START Data to process

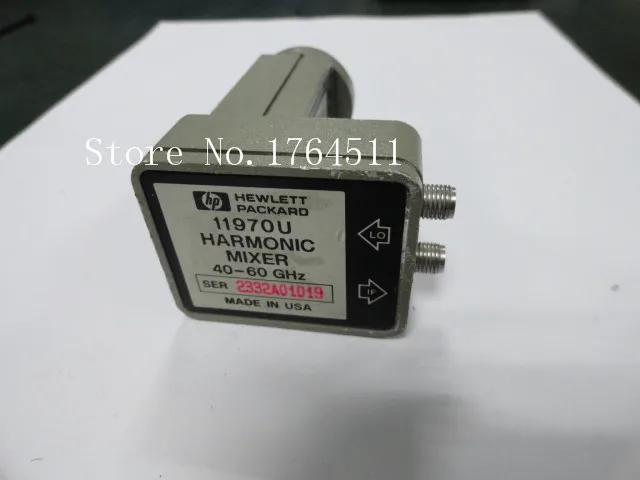 

[BELLA] ORIGINAL 11970U 40-60GHZ waveguide SMA-WG mixer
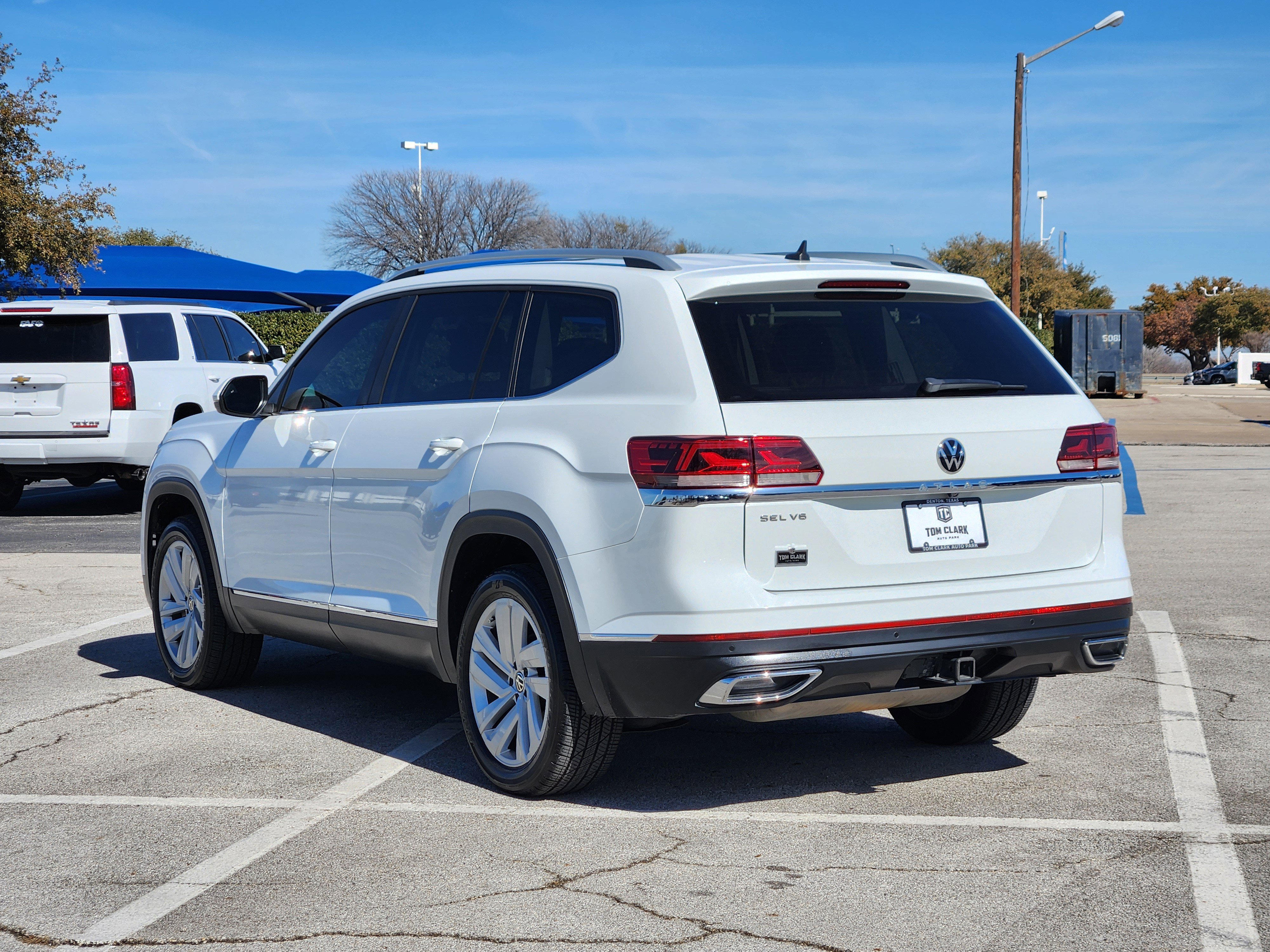 Used 2021 Volkswagen Atlas SEL image 5
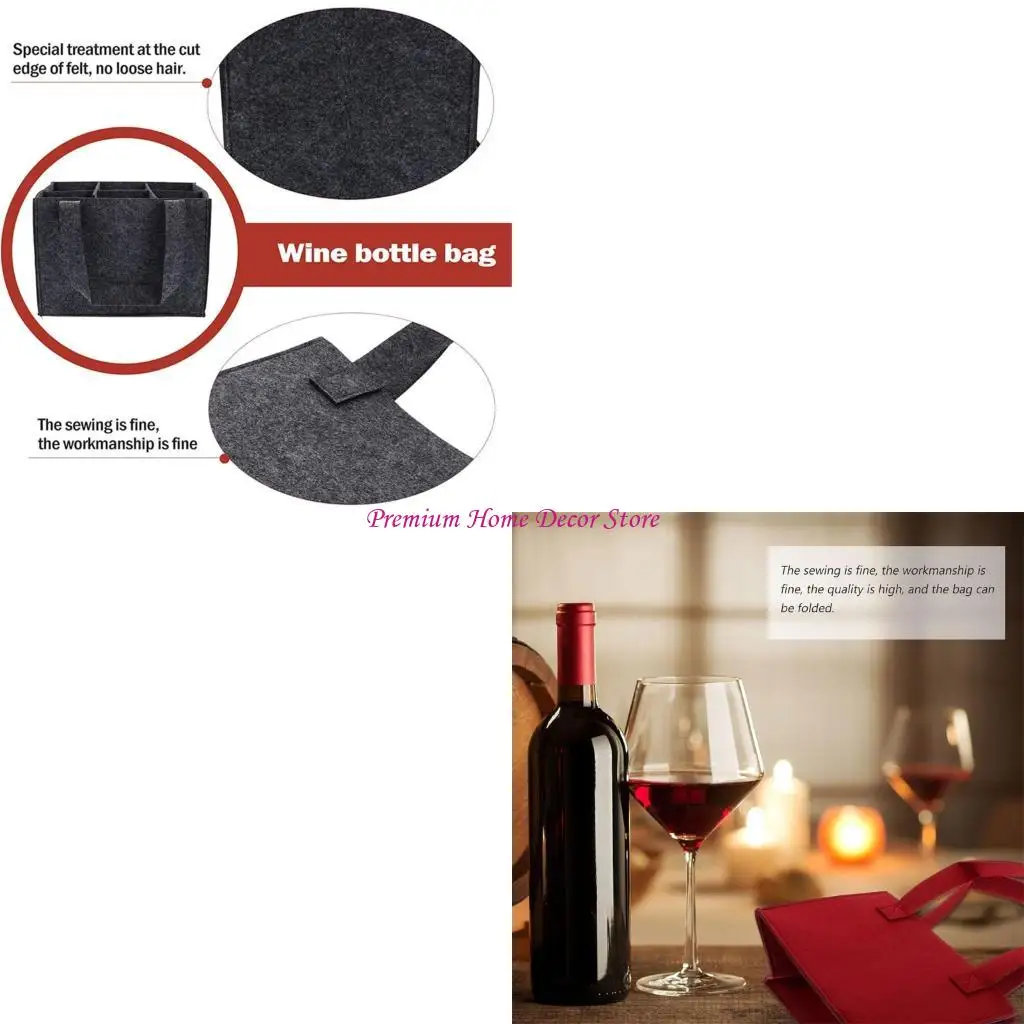 

2PEECES WELE WELE WINE DOTSTERS с усиленными базовыми отсеками пивные перевозчики шампанского для празднования вечеринок Jomd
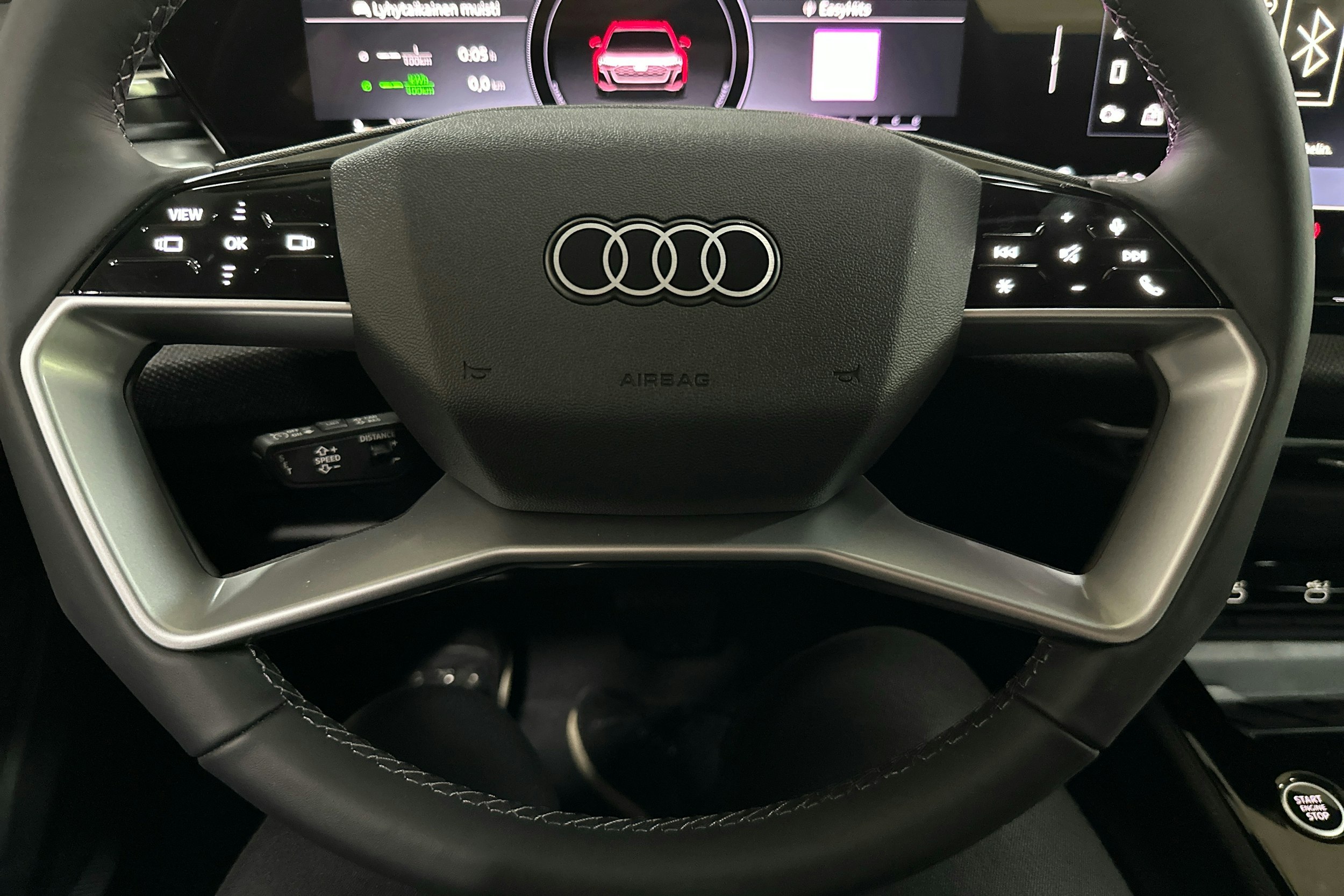 valkoinen Audi A5 2025 kuva 16.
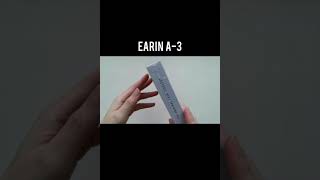 Earin A3 Unboxing [upl. by Enyrb58]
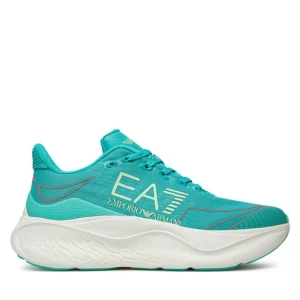Sneakersy EA7 Emporio Armani X8X245 XK442 D132 Zielony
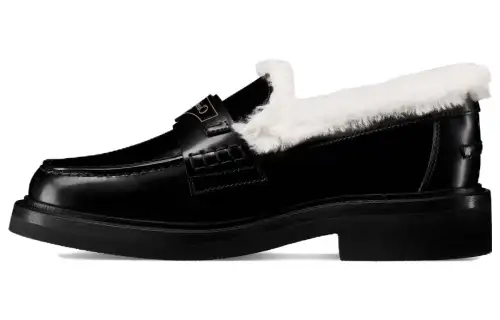 DIOR Boy Loafers Women's Black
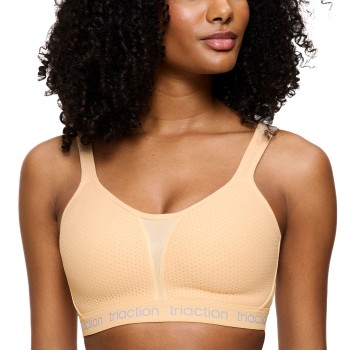 triaction by Triumph Triumph Triaction Energy Lite Padded Sports Bra EX BH Sand D 85 Dame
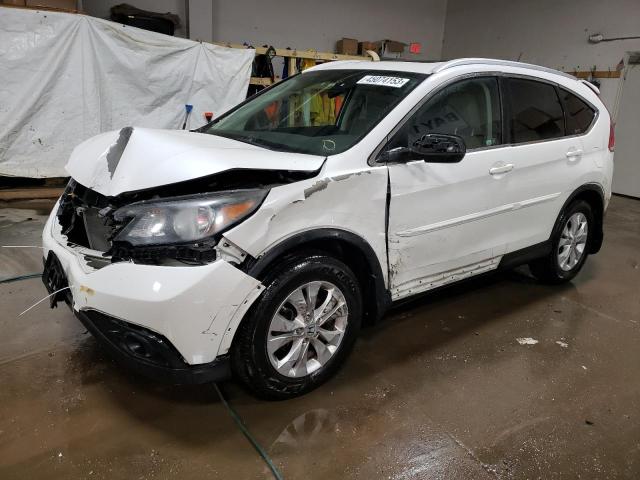 HONDA CR-V EXL 2012 with VIN 5J6RM4H78CL061212 - Photo from auction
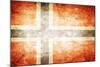 Norway Flag-kwasny221-Mounted Art Print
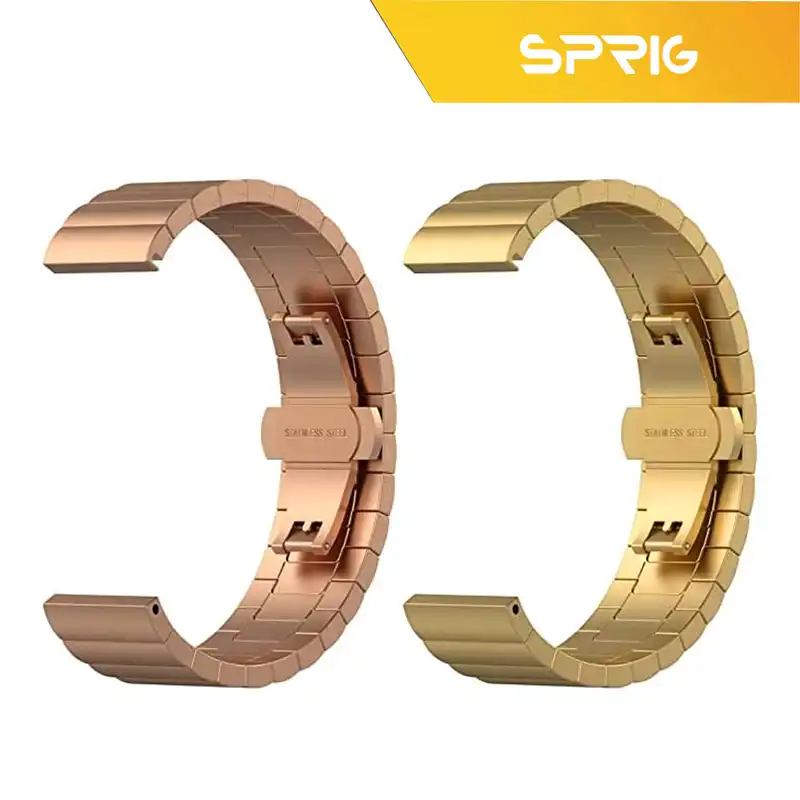 بند اسپریگ مدل Swatch مناسب برای ساعت هوشمند سامسونگ Galaxy Watch 5 40mm / Watch 5 44mm / Watch 5 pro 45mm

END Data to process

_Exercise prompt_
I need the lines from the one holding "Sneakersy EA7 Emporio" through the last line of the entries set down exactly, with every picture left out.

_Answer to this problem_
Sneakersy EA7 Emporio Armani X8X245 XK442 D132 Zielony
 DIOR Boy Loafers Women's Black
 triaction by Triumph Triumph Triaction Energy Lite Padded Sports Bra EX BH Sand D 85 Dame
 HONDA CR-V EXL 2012 with VIN 5J6RM4H78CL061212 - Photo from auction
 Norway Flag-kwasny221-Mounted Art Print
 بند اسپریگ مدل Swatch مناسب برای ساعت هوشمند سامسونگ Galaxy Watch 5 40mm / Watch 5 44mm / Watch 5 pro 45mm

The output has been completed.